Болотная муть порнографии заливала литературу и театр. Арцыбашев и Каменский, «Санин» и «Крылья» – вот к чему жадно рвался обыватель, как к грязноватому одеялу, под которое можно спрятать трусливую голову. Обыватель требовал от искусства, чтобы оно успокаивало его, как добрая нянька: «Да, да, все спокойно,– революцию прогнали, она больше не вернется!» И театры, иногда даже хорошие, шли навстречу этим требованиям публики. А в одном из маленьких петербургских театриков-однодневок поставили инсценировку «Леды» Каменского, где актриса появлялась, как говорится, в чем мать родила: фиговый листок заменяли золотые туфельки,– это составляло весь ее костюм.
Нужно ли говорить о том, что такой театр был чужд Комиссаржевской, такого театра она не хотела.

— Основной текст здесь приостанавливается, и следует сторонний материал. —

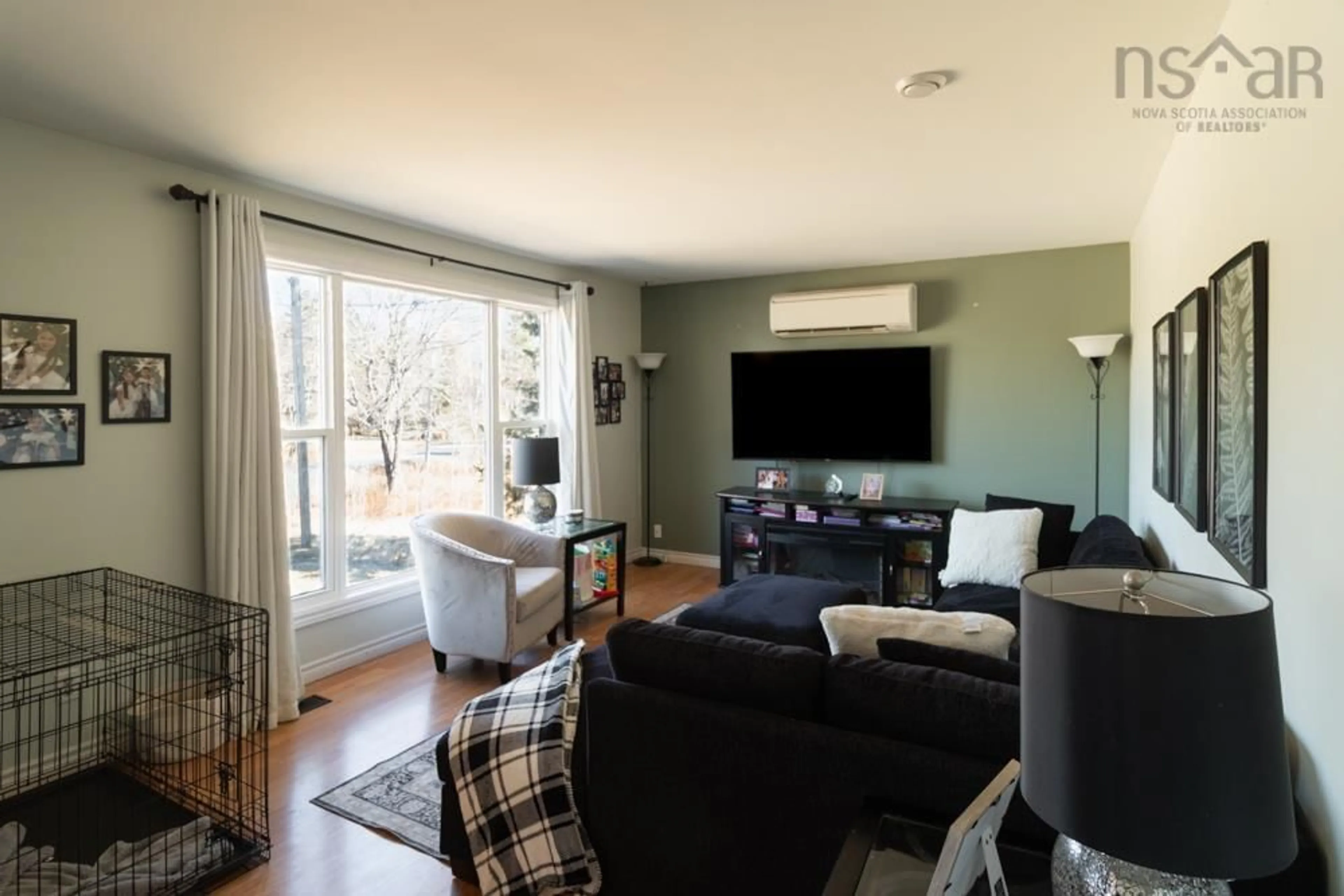 Living room with furniture, wood/laminate floor for 11 East Uniacke Rd, Mount Uniacke Nova Scotia B0N 1Z0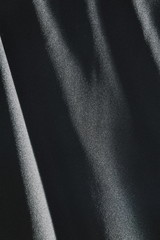 Fototapeta premium black fabric in shadow background and texture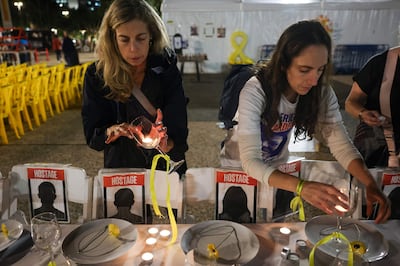 Women prepare a symbolic dinner table during a rally in Tel Aviv demanding the release of Israelis held hostage in the Gaza Strip. AFP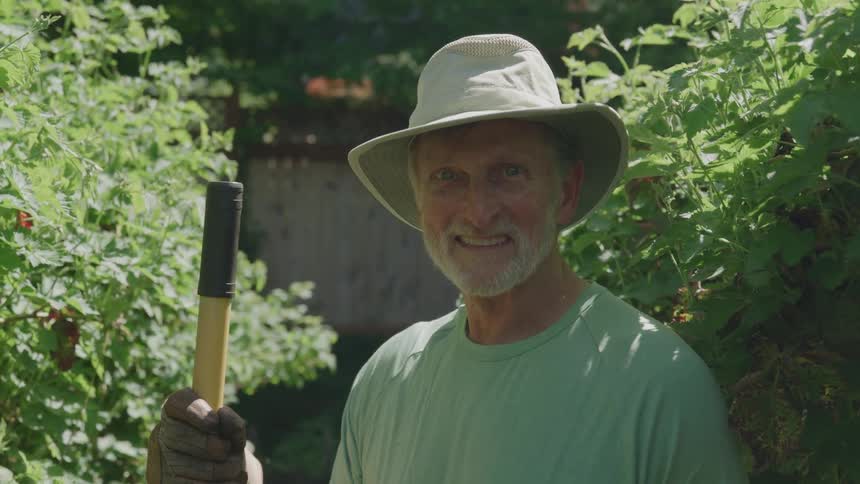 A smiling middleaged man wearing a lightcolored sun hat and a tshirt stands in a sunny garden holding a garden tool with a black and yellow handle he looks directly at the camera while surrounded by lush green foliage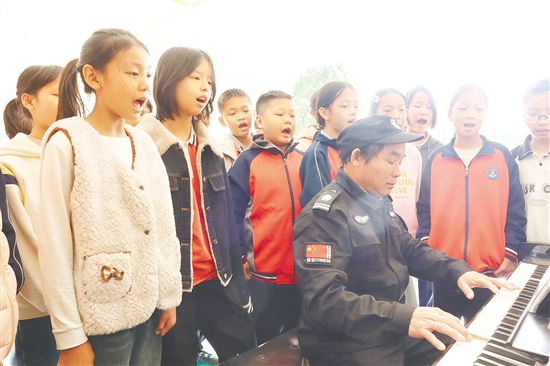 良山小学的保安陆木养弹奏钢琴，学生们随着旋律欢快唱歌。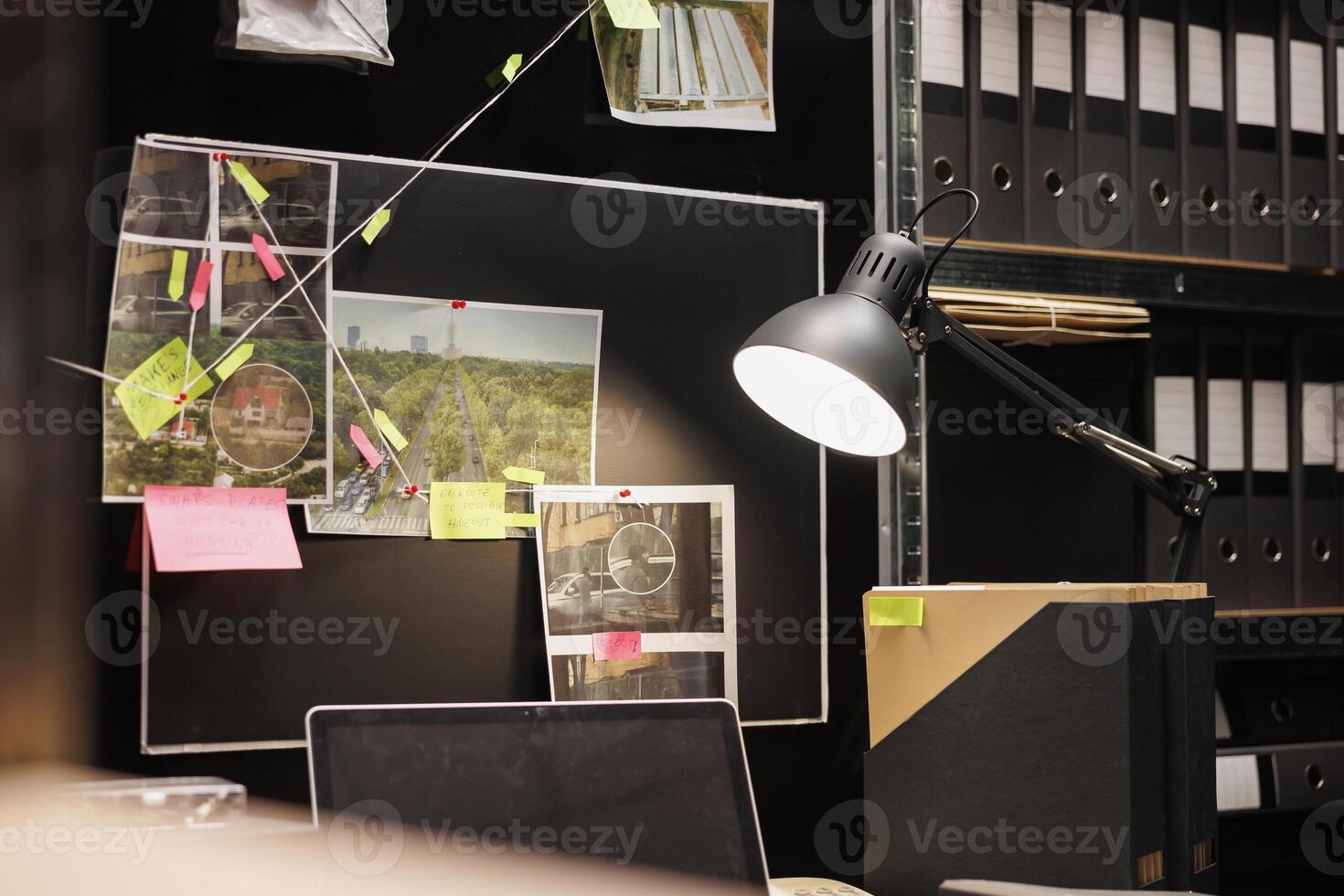 Crime evidence board with investigation process map lit with desk lamp in private investigator room. Police detective gathered information hanging on wall and table with laptop in office photo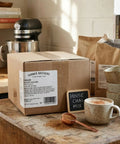 Box labeled 'Spiced Chai Mix', cups with Creamy Instant Chai Latte Powder Mix For Hot Or Iced Drinks, Sweet Spiced Black Tea Latte.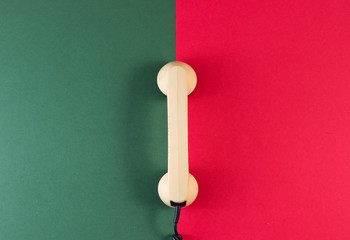 Handset of a retro phone on a red-green background. Top view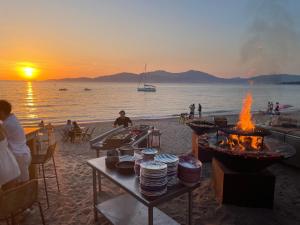 una playa con una mesa con platos y chimeneas en Casa Nelly en Porticcio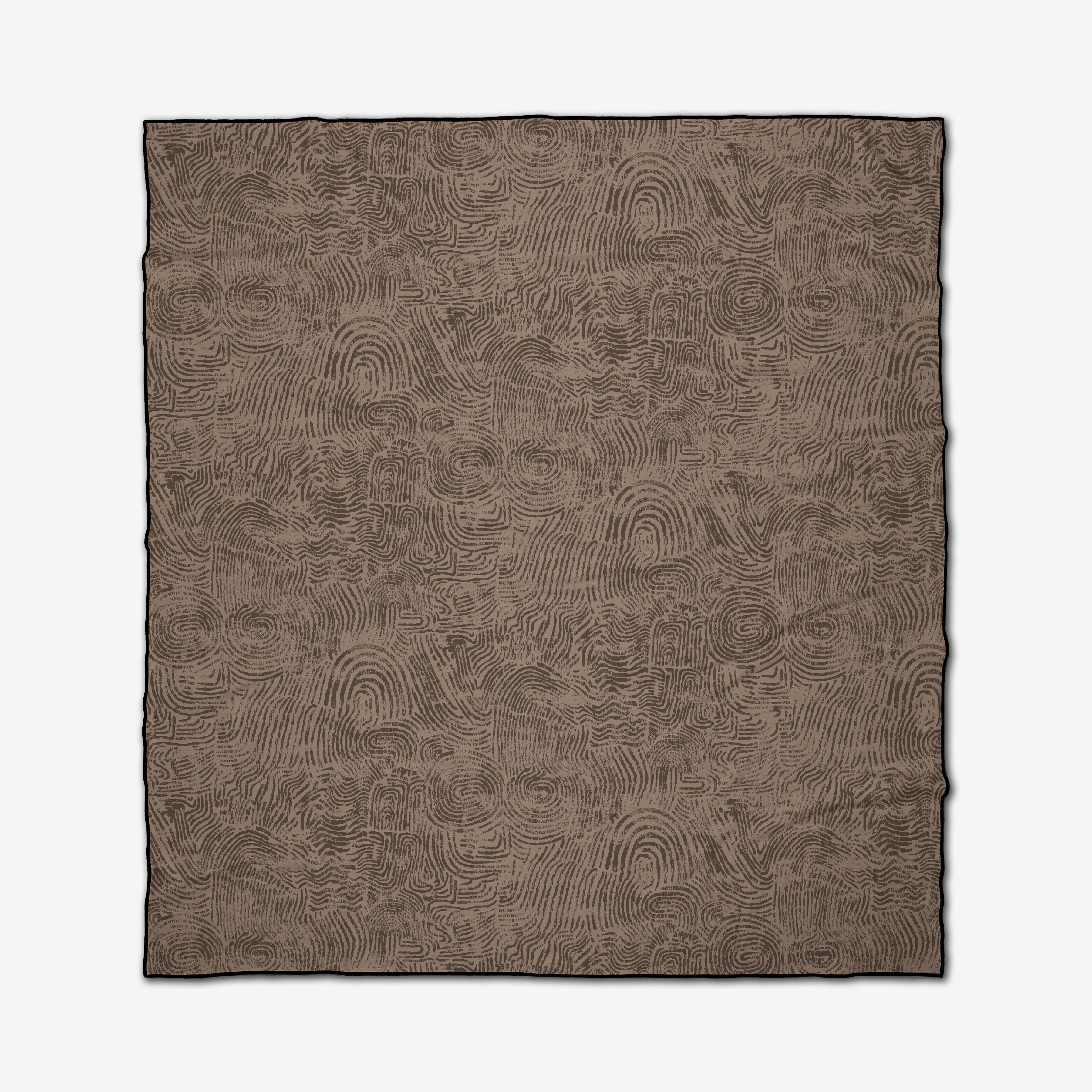 The Imprint beach blanket by Studio Jeannot is rectangular, brown, and made from recycled materials. Black edges frame its surface, which is fully covered in an abstract pattern of swirling, fingerprint-like lines.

Однако не все растерявшиеся и напуганные попутчики, порвавшие с революцией, прятались от нее под сень ломовых телег или под кущи развесистой порнографической «клубнички». Были такие, что убегали и дальше, в прошлое.
Этот уход – в античность, в средние века и т.п.– был характерен в те годы для литературы и театра и привел в дальнейшем к созданию в Петербурге и Москве специальных «старинных театров», архаизированных, уводивших зрителя за столетия назад.
Такого театра Комиссаржевская, конечно, также не хотела.
И все– таки ее новый театр тоже был, хотя и по-другому, бегством от современности, от ее борьбы, бегством от жизненной правды.
К этому театру, реакционному по своему содержанию, формалистическому по средствам выражения, Комиссаржевская скатилась не только из-за тех причин, о которых сказано выше: из-за отсутствия революционной драматургии, не пропускавшейся на сцену цензурой, из-за перемены в требованиях зрителя, из-за желания уйти от плоско-натуралистического театра и нежелания поить напуганного революцией обывателя «липовым чаем» развлекательной порнографии или уводить его в далекое прошлое. Была и еще одна причина, и о ней тоже необходимо сказать.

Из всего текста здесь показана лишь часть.